“I was thinking about a hamburger. I’m starving.”
“Mhmm, I’m sure that’s the case.” He grins and turns to the dresser.
Sasha meows again, reminding me I’ve forgotten to pet her. I pick her up and cradle her in my arms. She instantly calms down. She rubs her head under
my chin and I giggle.
Jace drops his towel and tugs on a pair of boxer-briefs. “I’m not going to lie, I was worried you’d hate her and think I was crazy.”
I gasp and look at Sasha. Her blue eyes are huge and her ears stick straight up. She’s adorable and perfect and the best cat ever, I’m sure of it.
“Never,” I say. “She’s wonderful.”
Jace chuckles and shakes out his jeans before pulling them on.
He buttons his jeans and grabs his belt to loop it through.
“There’s something I want to show you. It’s … it’s a song. But I want you to see it before I send it anywhere.”
I raise a brow questioningly.
“It’s about us,” he confesses. “Fuck, most of my songs are now, but this one … It’s from when you left. But … I love it, and I hope you will too. I want to try to sell it. I’ve been speaking with a record company and sending them bits and pieces so they get a taste of my style, but now they want to see a whole song. This is the one I want to send them, if you’re okay with it. If you don’t want it to see the light of day, I’ll understand and I’ll send them something else.”
“I didn’t know you were actually talking to people about selling your music. I thought you were thinking about it. Why didn’t you tell me?”
He tugs on a white t-shirt and shrugs. “I guess I was worried it would go nowhere and I didn’t want to get your hopes, or mine, up. They could still turn me away.”
“They won’t,” I say confidently.
I might be biased, but I know for a fact Jace’s songs are good. Better than good, they’re incredible. They’re the kind of songs that mean something. The lyrics leaching into your soul and staying there forever.
“You can’t know that,” he argues.
I set Sasha down and she meows in protest. I wrap my arms around Jace and look up at him.
“But I can—I know you and I know what you’re capable of, and if this is the path you want to go down, I know amazing things are going to happen. You’re too talented for nothing less than extraordinary.”
“You really think so?” he asks, and he looks like a vulnerable little boy.
Sometimes I forget since he can be so damn cocky that his dad belittled him and always made him feel like he’d amount to nothing.
I take his face in my hands. “Yes, I really do.”

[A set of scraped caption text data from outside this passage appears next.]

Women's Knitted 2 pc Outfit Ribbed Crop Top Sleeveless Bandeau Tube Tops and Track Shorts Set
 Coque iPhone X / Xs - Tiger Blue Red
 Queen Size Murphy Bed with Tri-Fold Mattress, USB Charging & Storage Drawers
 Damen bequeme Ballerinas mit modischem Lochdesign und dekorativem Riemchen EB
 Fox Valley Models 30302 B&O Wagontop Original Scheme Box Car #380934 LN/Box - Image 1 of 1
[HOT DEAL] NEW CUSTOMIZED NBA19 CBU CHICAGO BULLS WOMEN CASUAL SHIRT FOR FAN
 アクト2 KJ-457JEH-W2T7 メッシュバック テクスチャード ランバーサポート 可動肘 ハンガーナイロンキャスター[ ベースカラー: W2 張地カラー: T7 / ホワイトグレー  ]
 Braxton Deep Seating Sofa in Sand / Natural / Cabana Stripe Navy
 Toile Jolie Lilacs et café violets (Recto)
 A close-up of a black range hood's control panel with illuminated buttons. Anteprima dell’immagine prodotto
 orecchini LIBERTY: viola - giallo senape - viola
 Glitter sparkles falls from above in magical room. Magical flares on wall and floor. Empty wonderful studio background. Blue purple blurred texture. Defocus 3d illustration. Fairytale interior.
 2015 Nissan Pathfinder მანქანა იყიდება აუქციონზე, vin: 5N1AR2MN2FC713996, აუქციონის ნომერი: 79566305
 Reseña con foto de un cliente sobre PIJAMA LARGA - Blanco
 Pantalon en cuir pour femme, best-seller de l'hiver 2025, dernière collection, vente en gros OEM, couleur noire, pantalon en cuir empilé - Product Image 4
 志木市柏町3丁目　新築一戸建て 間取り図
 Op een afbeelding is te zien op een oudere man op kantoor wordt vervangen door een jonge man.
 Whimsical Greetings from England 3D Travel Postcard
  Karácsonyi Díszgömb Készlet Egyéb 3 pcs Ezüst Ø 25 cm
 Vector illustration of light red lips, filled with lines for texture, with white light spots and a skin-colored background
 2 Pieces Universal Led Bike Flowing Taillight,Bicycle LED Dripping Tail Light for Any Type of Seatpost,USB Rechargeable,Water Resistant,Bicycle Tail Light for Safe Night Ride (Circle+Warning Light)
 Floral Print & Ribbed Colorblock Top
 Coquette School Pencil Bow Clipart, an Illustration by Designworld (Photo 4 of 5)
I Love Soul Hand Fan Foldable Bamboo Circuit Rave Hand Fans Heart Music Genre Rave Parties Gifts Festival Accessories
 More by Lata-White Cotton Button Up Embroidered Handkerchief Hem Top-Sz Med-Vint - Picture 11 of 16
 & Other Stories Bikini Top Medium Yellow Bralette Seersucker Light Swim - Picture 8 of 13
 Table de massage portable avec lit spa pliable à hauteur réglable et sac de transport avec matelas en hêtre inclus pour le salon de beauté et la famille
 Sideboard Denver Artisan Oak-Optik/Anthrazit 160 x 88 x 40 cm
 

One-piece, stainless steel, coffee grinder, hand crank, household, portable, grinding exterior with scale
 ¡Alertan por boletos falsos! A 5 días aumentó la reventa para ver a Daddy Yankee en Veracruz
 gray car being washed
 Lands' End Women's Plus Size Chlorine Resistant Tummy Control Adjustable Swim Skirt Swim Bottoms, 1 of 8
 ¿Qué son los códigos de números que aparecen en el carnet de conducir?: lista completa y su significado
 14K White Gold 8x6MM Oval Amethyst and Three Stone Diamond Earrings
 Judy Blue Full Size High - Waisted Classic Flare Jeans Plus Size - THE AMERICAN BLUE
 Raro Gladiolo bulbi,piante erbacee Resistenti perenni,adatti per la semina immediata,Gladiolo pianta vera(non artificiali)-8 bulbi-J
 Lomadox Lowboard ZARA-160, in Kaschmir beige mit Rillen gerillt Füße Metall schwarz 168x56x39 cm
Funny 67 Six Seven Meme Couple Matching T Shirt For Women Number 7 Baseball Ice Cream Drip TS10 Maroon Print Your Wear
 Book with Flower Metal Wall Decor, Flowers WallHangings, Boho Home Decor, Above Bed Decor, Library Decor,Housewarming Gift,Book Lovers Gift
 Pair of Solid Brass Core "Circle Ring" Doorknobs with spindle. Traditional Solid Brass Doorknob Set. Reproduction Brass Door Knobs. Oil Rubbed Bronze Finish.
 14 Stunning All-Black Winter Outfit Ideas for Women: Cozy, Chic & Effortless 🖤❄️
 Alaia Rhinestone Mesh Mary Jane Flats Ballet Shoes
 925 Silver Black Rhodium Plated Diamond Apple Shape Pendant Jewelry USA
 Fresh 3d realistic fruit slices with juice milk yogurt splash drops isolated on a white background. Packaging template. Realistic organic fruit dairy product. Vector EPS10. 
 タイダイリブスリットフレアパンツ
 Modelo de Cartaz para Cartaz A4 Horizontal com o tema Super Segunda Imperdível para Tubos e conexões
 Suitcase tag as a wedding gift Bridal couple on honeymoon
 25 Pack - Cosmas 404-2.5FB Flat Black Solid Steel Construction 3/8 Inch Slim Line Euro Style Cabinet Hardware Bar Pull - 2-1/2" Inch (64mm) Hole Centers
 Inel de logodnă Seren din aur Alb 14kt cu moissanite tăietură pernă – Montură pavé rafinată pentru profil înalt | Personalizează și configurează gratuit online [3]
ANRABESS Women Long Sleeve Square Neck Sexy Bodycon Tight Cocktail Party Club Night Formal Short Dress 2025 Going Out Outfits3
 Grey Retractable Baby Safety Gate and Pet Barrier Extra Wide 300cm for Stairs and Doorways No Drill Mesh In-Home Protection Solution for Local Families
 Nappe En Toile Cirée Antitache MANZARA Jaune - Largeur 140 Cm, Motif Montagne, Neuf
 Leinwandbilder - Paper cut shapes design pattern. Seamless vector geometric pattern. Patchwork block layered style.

His smile lights up his face and I see him breathe with renewed confidence.
“You want to see it?”
“Why don’t you sing it for me?” I ask.
He shakes his head. “Not yet. I want you to read the lyrics first. Like I said, if you don’t want me to try to sell it I won’t.”
“That’s unlikely.”
Jace could write about anything and I’d still want him to sell it to pursue his dreams. It’s his song, his lyrics, not mine, even if some are about me. It’s his thoughts and feelings he’s penning and he needs to be comfortable with the world hearing them. If he’s not, then he should keep it, if he is then he needs to go for it.
Either way, I’ll be cheering him on.
He steps off the raised level of our bedroom and down into the living area.